Conservatives are thrilled about yesterday’s court decision regarding the CFPB. Here’s Iain Murray:

In a rare victory for the Constitution and American political tradition, the US Court of Appeals from the DC Circuit today found that the Consumer Financial Protection Bureau was “structurally unconstitutional.” The offending structure consists of an independent agency with a single, all-powerful executive director. The Court found that structure fell between two stools — an agency with a single head needs to be accountable to the President, while an independent agency needs to have internal checks and balances by having a multi-member commission format like the SEC and others.

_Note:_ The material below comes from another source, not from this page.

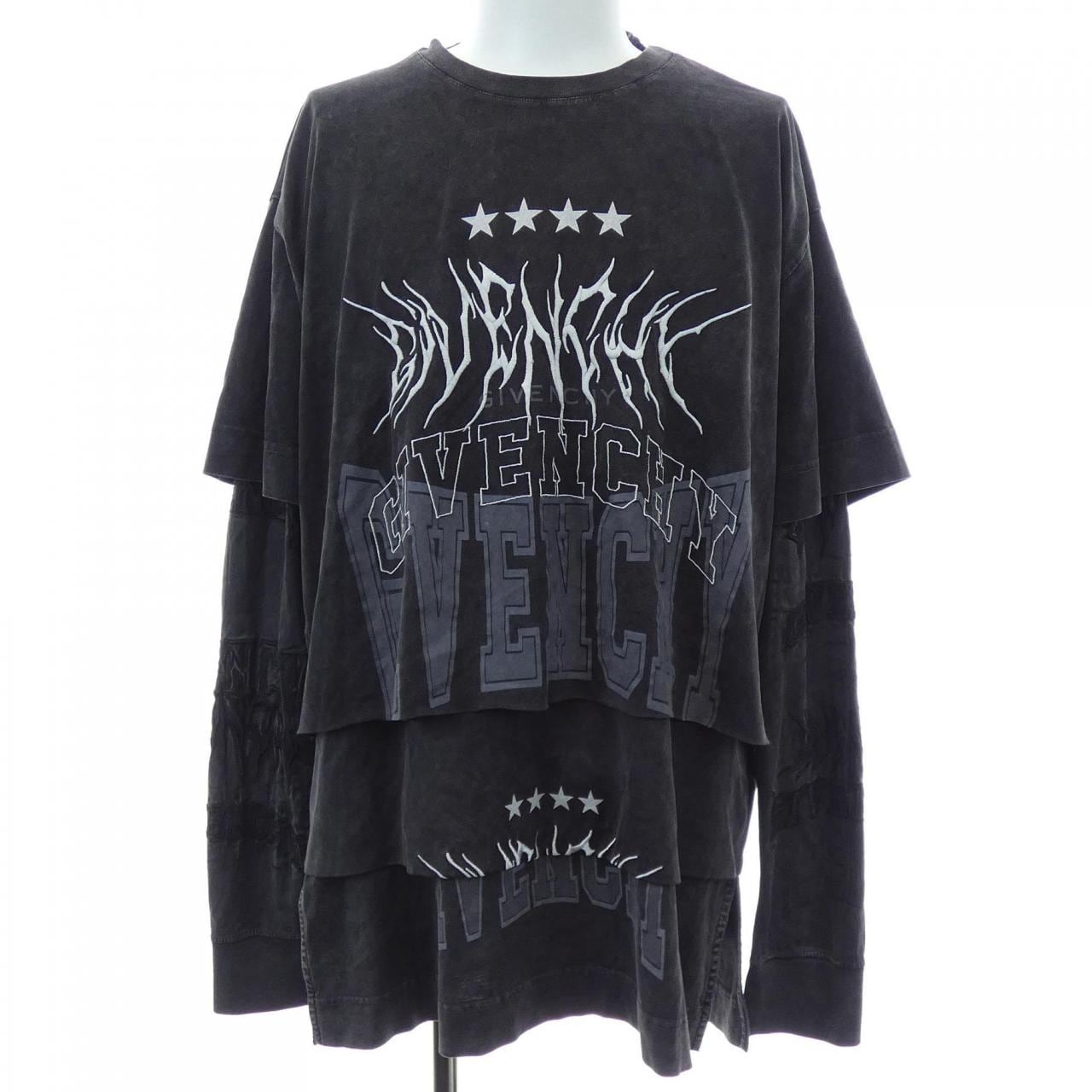 ジバンシー GIVENCHY BM71FC3Y8T Tシャツ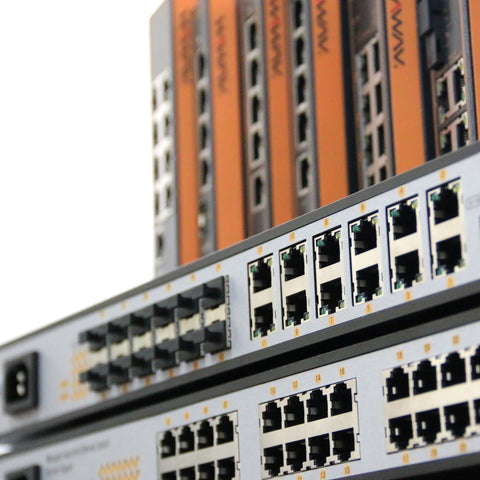 Deploy High-Bandwidth Switching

This judgment echoes the arguments the Competitive Enterprise Institute and its co-plaintiffs have been making in a separate court case, where my colleague Hans Bader argued, “The Consumer Financial Protection Bureau’s lack of checks and balances violates the Constitution’s separation of powers. Its director is like a czar. He is not accountable to anyone, and can’t be fired even if voters elect a president with different ideas about how to protect consumers.

There’s no telling if this ruling will hold up on appeal, but if it does, the CFPB director will now serve at the pleasure of the president. This means that President Trump could fire Jeopardy champion Richard Cordray and instead install Apprentice champion Omarosa to oversee America’s financial industry. Luckily, it appears we will be spared that indignity.

I don’t expect this ruling to have a big impact in real life. Basically, it means that a new president will be able to install a new CFPB director immediately instead of having to wait a year or two for the old one to finish out her term. In the long run that’s likely to have a neutral effect on party control of the bureau. As for being able to fire the director without cause, that’s mostly hemmed in by political considerations anyway.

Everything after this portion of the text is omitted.